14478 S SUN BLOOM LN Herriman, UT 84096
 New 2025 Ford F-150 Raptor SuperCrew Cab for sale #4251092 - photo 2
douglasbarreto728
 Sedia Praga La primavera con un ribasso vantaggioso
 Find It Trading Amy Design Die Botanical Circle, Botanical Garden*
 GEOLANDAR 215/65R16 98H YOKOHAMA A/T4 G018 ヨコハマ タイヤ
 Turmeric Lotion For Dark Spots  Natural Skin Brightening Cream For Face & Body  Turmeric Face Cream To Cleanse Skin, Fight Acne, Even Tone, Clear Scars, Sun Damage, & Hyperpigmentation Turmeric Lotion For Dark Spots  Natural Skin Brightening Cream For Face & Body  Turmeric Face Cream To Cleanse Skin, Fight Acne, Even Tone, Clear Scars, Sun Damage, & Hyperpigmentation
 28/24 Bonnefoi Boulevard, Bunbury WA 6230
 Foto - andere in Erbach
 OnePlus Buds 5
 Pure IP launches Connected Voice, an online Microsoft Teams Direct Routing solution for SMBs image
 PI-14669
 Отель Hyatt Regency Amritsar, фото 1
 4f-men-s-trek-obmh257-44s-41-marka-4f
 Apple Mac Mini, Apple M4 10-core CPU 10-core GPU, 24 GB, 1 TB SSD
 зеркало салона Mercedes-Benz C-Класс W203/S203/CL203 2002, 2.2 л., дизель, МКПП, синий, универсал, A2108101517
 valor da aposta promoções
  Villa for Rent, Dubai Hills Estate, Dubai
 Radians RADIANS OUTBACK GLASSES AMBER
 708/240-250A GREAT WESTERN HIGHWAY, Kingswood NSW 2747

_PROBLEM DESCRIPTION_
Which lines above run from the one containing "4f-men-s-trek-obmh257-44s-41-marka-4f" to the one containing "valor da aposta promoções"? Give them again exactly, both ends included.

_TASK SOLUTION_
 4f-men-s-trek-obmh257-44s-41-marka-4f
 Apple Mac Mini, Apple M4 10-core CPU 10-core GPU, 24 GB, 1 TB SSD
 зеркало салона Mercedes-Benz C-Класс W203/S203/CL203 2002, 2.2 л., дизель, МКПП, синий, универсал, A2108101517
 valor da aposta promoções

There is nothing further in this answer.